The IBM Research team has introduced VAKRA, a tool-grounded, executable benchmark designed to evaluate how well AI agents reason end-to-end in enterprise-like settings. The benchmark measures compositional reasoning across APIs and documents, using full execution traces to assess whether agents can reliably complete multi-step workflows.

What Happened

VAKRA is a tool-grounded, executable benchmark designed to evaluate how well AI agents reason end-to-end in enterprise-like settings. The benchmark measures compositional reasoning across APIs and documents, using full execution traces to assess whether agents can reliably complete multi-step workflows. Unlike traditional benchmarks that test isolated skills, VAKRA evaluates how well agents can chain decisions across systems, reconcile mismatched schemas, interpret tool constraints expressed in natural language, ground answers in retrieved evidence, and reuse intermediate outputs to parameterize later tool calls.

The benchmark provides an executable environment where agents interact with over 8,000 locally hosted APIs backed by real databases spanning 62 domains, along with domain-aligned document collections. Tasks can require 3-7 step reasoning chains that combine structured API interaction with unstructured retrieval under natural-language tool-use constraints. Locally hosted, database-backed tools ensure deterministic, verifiable responses at evaluation.

Background and Context

The IBM Research team has been working on developing a benchmark to evaluate the performance of AI agents in complex, multi-step tasks. The goal is to create a benchmark that can assess an agent's ability to reason end-to-end in enterprise-like settings, where workflows often involve chaining decisions across systems, reconciling mismatched schemas, and following tool-use policies expressed in natural language.
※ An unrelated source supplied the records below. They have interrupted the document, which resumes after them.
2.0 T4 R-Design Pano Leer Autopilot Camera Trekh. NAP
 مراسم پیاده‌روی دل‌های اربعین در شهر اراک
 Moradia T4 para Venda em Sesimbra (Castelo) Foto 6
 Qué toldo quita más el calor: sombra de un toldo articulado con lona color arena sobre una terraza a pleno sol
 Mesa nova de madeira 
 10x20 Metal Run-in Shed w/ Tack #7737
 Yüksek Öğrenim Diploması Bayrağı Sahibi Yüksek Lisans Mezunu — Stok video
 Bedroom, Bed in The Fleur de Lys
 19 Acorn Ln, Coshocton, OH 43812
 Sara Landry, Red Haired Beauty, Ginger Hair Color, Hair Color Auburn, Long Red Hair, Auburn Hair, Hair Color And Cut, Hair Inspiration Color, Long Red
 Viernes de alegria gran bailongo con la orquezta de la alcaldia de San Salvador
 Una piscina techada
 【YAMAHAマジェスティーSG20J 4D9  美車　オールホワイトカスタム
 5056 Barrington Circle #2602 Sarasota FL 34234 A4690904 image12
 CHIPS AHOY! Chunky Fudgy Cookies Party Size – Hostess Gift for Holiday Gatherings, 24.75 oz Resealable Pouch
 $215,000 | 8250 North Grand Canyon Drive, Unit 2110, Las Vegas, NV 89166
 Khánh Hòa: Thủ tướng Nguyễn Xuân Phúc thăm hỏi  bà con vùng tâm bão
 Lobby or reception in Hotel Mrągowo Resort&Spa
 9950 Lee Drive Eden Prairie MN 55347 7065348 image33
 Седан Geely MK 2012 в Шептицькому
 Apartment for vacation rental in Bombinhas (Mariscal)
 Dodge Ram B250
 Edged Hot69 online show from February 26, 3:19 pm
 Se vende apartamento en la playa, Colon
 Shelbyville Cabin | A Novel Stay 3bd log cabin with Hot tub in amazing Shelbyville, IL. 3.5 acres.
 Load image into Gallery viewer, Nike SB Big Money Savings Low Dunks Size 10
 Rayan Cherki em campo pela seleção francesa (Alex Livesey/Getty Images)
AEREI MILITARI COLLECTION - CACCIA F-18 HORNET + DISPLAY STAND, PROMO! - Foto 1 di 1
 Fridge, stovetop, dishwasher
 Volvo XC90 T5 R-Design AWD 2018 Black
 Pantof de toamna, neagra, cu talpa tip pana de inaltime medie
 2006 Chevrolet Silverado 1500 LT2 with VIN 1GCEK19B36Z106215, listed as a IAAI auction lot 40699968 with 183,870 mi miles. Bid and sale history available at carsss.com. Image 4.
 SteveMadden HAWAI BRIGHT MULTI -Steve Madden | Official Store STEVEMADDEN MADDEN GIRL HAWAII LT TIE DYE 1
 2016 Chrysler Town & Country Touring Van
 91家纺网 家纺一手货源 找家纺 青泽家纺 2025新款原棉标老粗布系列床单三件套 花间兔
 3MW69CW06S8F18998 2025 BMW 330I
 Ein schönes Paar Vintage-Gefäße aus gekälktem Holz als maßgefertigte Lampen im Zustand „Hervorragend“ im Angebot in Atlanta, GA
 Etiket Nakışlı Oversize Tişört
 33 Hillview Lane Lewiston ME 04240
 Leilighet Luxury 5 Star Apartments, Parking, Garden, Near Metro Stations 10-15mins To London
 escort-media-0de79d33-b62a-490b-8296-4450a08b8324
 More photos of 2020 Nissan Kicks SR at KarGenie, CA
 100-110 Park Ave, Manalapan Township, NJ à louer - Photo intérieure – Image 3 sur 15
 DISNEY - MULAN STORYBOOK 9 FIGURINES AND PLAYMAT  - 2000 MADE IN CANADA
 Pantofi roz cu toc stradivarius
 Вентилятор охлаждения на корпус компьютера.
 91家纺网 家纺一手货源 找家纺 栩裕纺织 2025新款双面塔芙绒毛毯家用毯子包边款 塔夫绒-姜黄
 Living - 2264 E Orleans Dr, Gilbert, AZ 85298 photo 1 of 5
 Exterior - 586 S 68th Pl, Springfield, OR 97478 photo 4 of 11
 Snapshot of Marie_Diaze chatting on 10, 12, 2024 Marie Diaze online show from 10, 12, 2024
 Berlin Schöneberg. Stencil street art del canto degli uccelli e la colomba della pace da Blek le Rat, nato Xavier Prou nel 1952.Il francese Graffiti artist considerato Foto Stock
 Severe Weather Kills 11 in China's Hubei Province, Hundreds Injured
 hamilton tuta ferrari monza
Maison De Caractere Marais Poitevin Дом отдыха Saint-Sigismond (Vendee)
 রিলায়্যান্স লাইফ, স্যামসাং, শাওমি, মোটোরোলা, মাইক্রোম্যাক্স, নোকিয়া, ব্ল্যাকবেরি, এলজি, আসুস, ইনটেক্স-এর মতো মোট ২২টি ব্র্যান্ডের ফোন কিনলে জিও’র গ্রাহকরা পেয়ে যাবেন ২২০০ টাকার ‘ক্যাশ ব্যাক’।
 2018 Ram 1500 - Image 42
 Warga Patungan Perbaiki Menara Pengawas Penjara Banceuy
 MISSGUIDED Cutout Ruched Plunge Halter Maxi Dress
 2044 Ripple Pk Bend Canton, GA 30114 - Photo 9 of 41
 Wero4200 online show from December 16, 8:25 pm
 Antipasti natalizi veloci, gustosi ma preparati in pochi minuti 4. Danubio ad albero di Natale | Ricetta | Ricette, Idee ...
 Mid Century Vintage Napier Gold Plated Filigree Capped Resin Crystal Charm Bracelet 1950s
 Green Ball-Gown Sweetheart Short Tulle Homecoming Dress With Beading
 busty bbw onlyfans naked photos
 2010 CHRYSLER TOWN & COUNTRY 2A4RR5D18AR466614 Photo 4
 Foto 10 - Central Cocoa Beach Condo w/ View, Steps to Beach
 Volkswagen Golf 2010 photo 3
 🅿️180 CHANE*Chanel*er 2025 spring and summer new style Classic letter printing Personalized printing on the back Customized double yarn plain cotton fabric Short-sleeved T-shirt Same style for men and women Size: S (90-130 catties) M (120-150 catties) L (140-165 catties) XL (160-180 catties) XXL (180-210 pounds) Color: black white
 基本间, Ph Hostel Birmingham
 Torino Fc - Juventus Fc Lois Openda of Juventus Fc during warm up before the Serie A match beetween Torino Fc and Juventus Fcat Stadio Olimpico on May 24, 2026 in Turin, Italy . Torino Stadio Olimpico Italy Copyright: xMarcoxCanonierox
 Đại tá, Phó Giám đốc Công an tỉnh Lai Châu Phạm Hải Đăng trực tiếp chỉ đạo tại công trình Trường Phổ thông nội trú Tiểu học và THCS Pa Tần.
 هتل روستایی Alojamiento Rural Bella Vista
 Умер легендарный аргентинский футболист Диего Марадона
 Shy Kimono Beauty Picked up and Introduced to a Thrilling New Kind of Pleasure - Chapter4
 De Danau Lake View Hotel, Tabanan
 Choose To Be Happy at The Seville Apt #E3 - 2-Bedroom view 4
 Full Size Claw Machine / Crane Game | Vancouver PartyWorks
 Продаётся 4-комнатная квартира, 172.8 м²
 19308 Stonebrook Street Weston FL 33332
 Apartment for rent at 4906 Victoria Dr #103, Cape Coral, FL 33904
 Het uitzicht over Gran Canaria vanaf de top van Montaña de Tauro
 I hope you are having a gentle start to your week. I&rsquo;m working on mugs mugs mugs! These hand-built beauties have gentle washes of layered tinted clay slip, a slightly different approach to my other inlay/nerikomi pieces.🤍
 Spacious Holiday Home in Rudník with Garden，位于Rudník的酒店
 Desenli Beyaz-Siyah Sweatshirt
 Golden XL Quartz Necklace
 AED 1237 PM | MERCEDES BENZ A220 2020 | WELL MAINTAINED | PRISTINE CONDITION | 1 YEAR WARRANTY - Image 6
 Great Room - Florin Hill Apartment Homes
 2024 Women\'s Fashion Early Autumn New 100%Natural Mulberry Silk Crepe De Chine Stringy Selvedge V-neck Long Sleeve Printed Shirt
The team has been inspired by the limitations of traditional benchmarks, which often focus on isolated skills such as single-turn QA or one-off function calls. In practice, agents must be able to perform complex tasks that involve multiple steps, tools, and data sources. VAKRA is designed to surface exactly where multi-step reasoning succeeds or breaks down, reflecting the realities agents face in production environments.

Why it Matters

VAKRA matters because it provides a comprehensive evaluation framework for AI agents in complex, multi-step tasks. The benchmark can help developers and researchers identify areas where their agents are struggling to reason end-to-end, and provide insights into how to improve performance. In the adult industry, this is particularly relevant as many platforms rely on AI-powered tools to manage workflows, moderate content, and ensure compliance with regulations.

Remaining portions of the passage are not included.